Guanine nucleotide binding protein-coupled receptors (GPCRs) are 7-transmembrane (7 TM, heptahelical) receptors that bind to agonists and couple to G proteins resulting in activation of complex intracellular signaling pathways [1]. Various µ-opioid receptor (MOR) agonists can activate one or a number of downstream pathways of the GPCR at different intervals: G protein-dependent or independent signaling, desensitization, and endocytosis [2]. Bias or selectivity to the downstream pathways involving the GPCR may provide improved analgesia and decreased adverse reactions (ADRs). The five main super-families of GPCRs classification consist of glutamate, rhodopsin, adhesion, frizzled/taste 2, and secretin, forming the GRAFS classification system [345].

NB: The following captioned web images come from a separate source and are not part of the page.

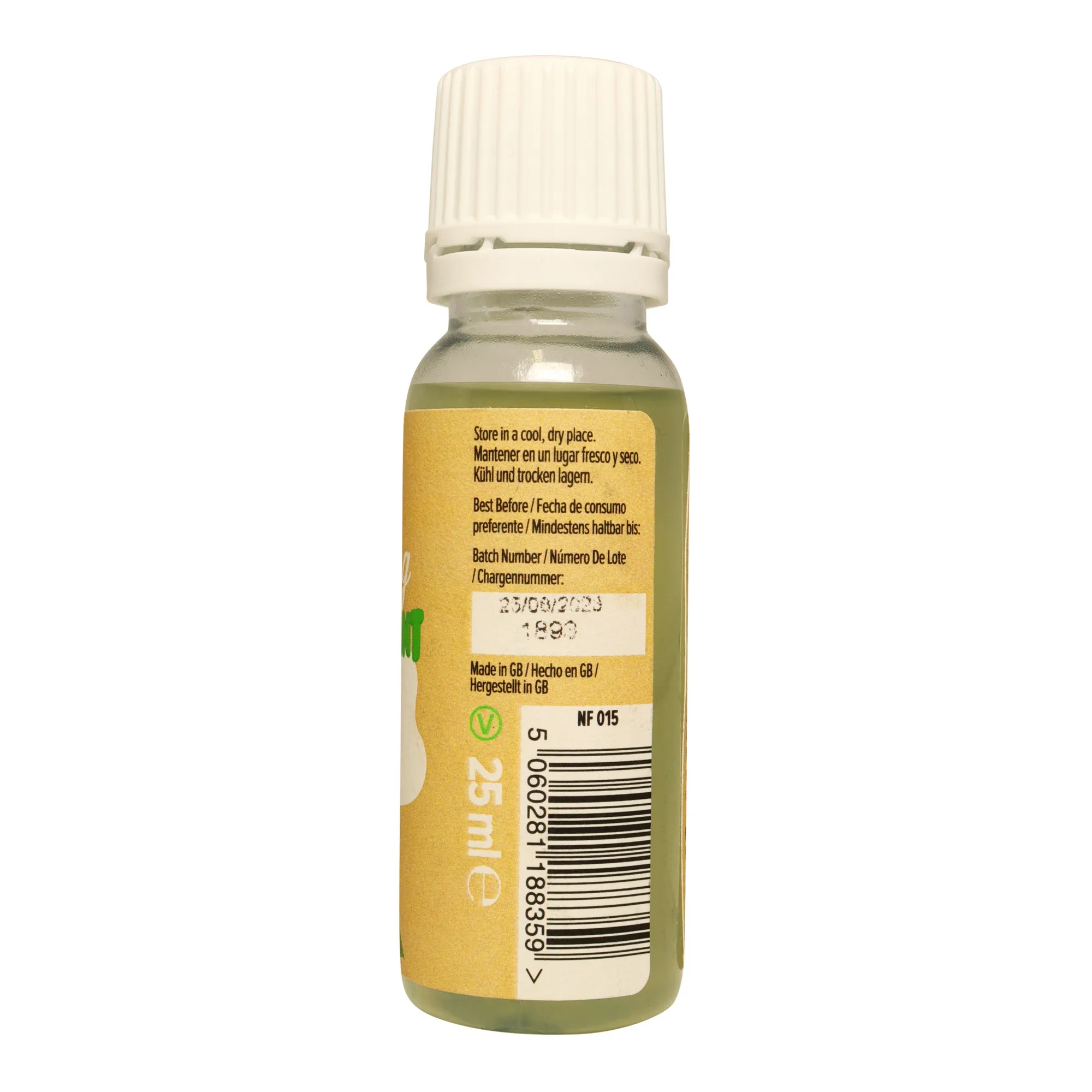 Aroma 100% naturale alla menta - PME - 25 ml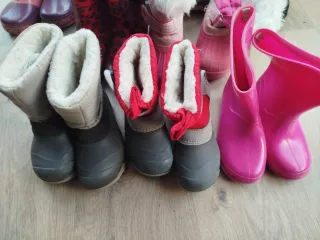 Botas de montaña y lluvia para niño y niña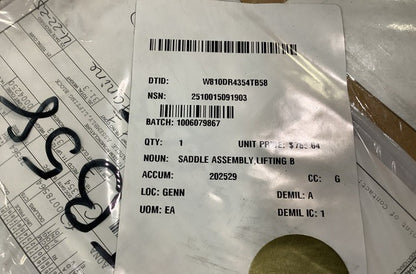 Block Saddle Assy TTJ-Z1FA NSN 2510-01-509-1903 - photo 5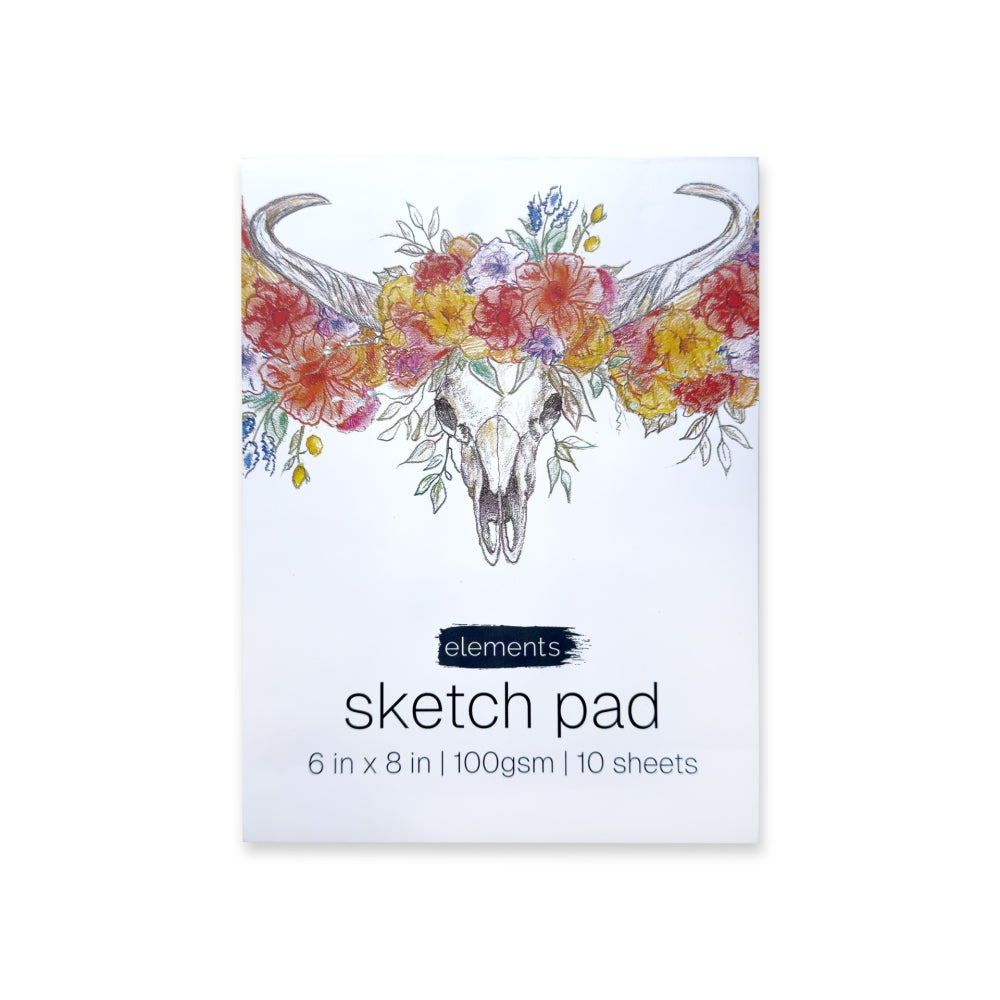 Elements Drawing & Sketching Collection Tin (64 Pieces)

Peripherally-acting opioids, such as D-Ala(2), N-MePhe(4), Gly(5)-ol-enkephalin (DAMGO), acting neither centrally (supra-spinal) nor spinally, drew significant attention by achieving adequate analgesia while reducing ADRs and tolerance development [67].

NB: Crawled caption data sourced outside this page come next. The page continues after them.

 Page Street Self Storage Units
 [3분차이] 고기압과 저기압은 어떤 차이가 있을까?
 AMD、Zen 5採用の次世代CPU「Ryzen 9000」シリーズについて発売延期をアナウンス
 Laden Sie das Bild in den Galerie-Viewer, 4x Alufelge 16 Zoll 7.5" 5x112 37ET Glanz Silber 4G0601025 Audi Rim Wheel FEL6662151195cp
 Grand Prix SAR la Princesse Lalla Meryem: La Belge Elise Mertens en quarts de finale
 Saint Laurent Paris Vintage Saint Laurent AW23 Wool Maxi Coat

A formulation containing opioid agonist/antagonist in a fixed 2:1 ratio has been introduced to reduce ADRs, especially opioid-induced constipation [8]. However, at the equivalent dose, the combined formulation often failed to provide equal analgesia as the conventional opioid [9]. It is not uncommon for patients to complain of inadequate pain relief and request the traditional single opioid agonist. Hence, there is a clear need for a new novel analgesic agent devoid of undesirable side effects while maintaining analgesic efficacy.

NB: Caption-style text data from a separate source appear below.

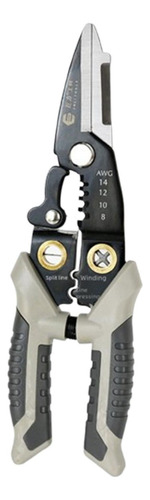 Pelacables Herramienta Para Engarzar Cables Negro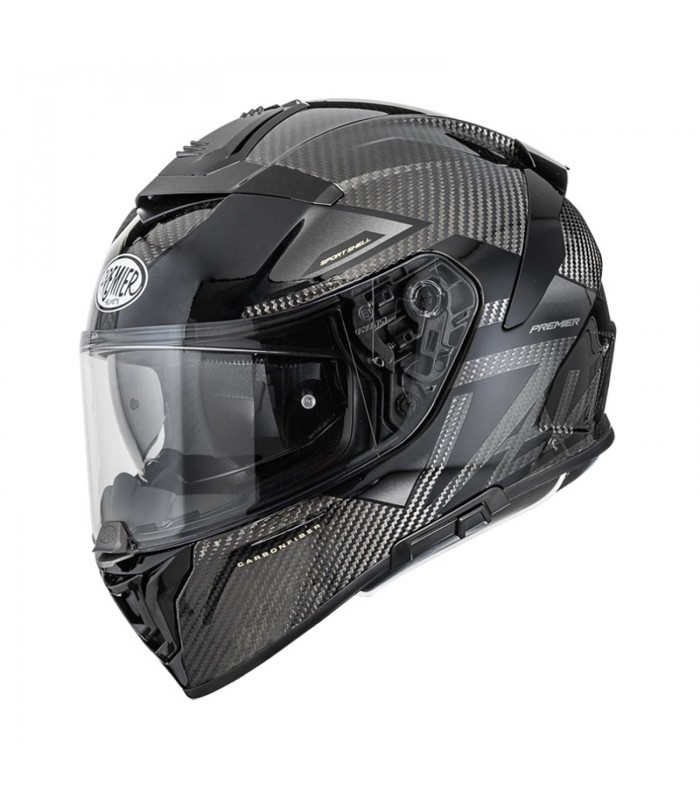 Full face Premier Devil Carbon 22.06 MN 9 black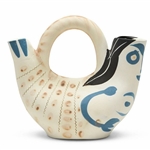 Pablo Picasso ''Figure de Proue'', Number 136 -- Vase Created at the Madoura Pottery Studios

This review article discusses a brief history, pharmacokinetics and pharmacodynamics, ADRs of the new opioid oliceridine (TRV130, Olinvo®, Trevena, Inc, King of Prussia, PA) with a focus on the unique mechanism of action on the µ receptor G protein pathway selective (µ-GPS) modulator.

MAIN BODY

1. Brief history

GPCRs have become a focus in drug development based on the concept of ligand bias or functional selectivity [10]. This concept originated from an animal study of ADRs to morphine in β-arrestin 2 knockout mice. The mice lacking the G protein-coupled receptor regulatory protein, β-arrestin 2 (β-arrestin 2 knockout mice), showed enhanced and prolonged morphine analgesia while mitigating morphine tolerance, respiratory depression, and constipation in three previous studies from 1999 to 2005 [111213].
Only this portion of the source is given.